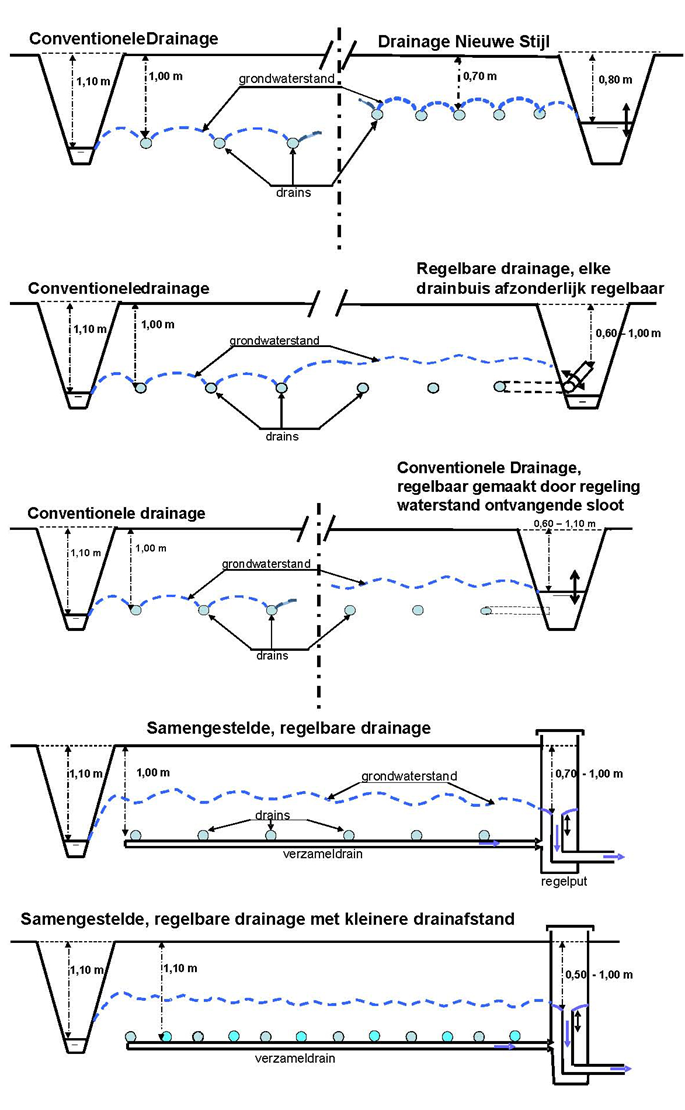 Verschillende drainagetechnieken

==

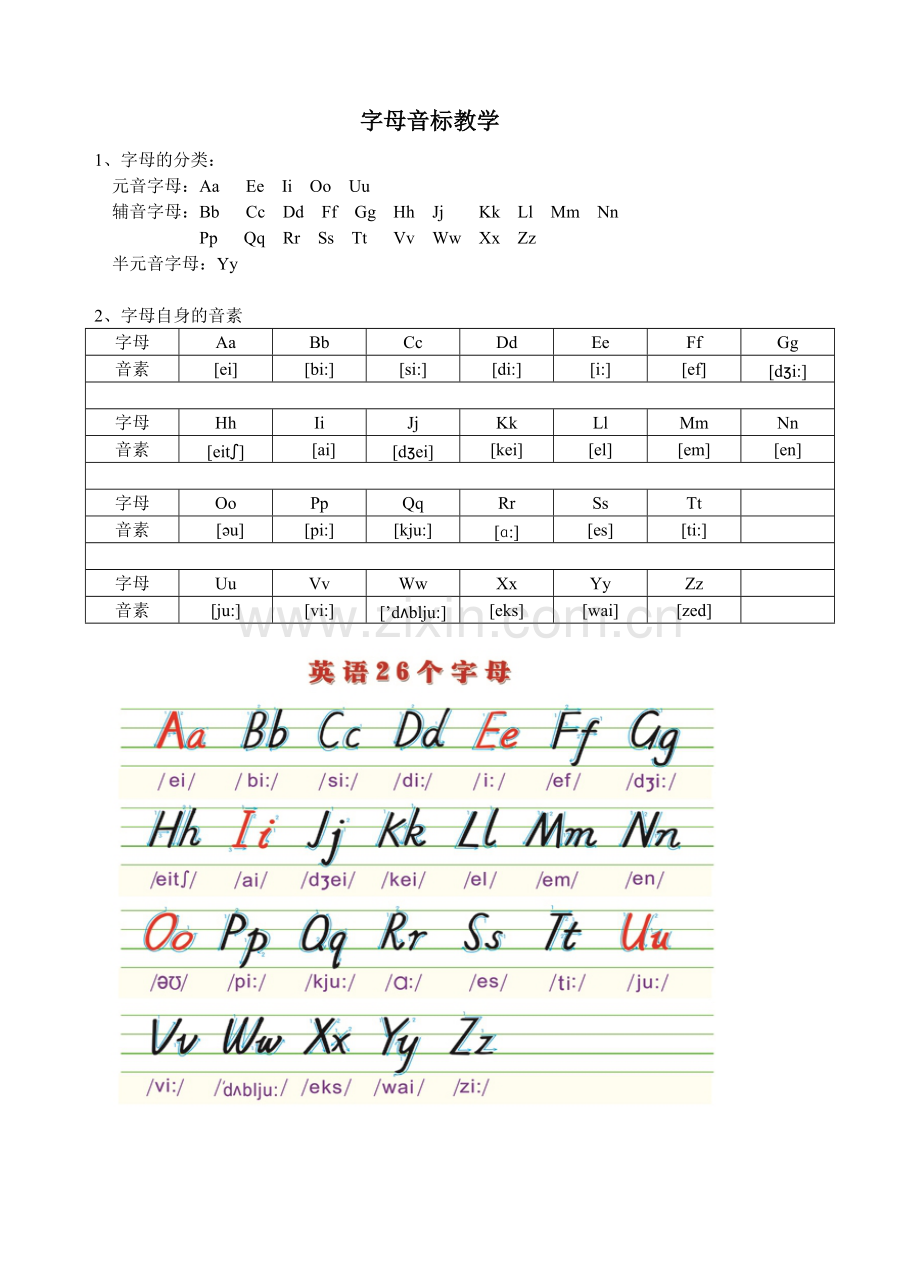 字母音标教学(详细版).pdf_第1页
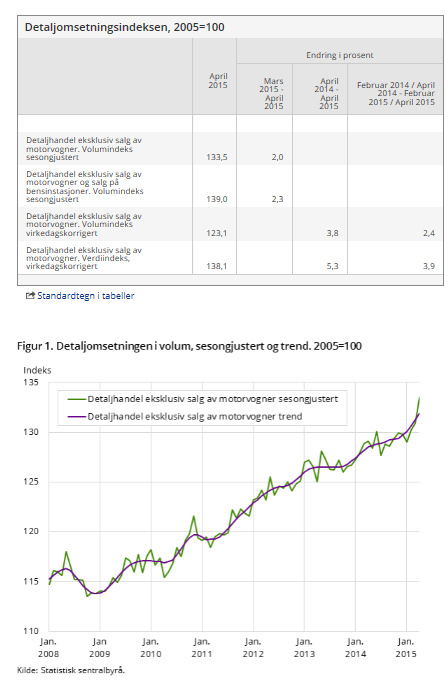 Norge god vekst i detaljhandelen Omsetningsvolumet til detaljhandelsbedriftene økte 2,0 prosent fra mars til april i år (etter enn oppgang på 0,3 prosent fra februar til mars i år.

Work request
With the pictures left out, write out exactly the lines above from the one containing "字母音标教学(详细版).pdf_第1页" through the one containing "Norge god vekst".

Answer space
 字母音标教学(详细版).pdf_第1页
 Norge god vekst i detaljhandelen Omsetningsvolumet til detaljhandelsbedriftene økte 2,0 prosent fra mars til april i år (etter enn oppgang på 0,3 prosent fra februar til mars i år.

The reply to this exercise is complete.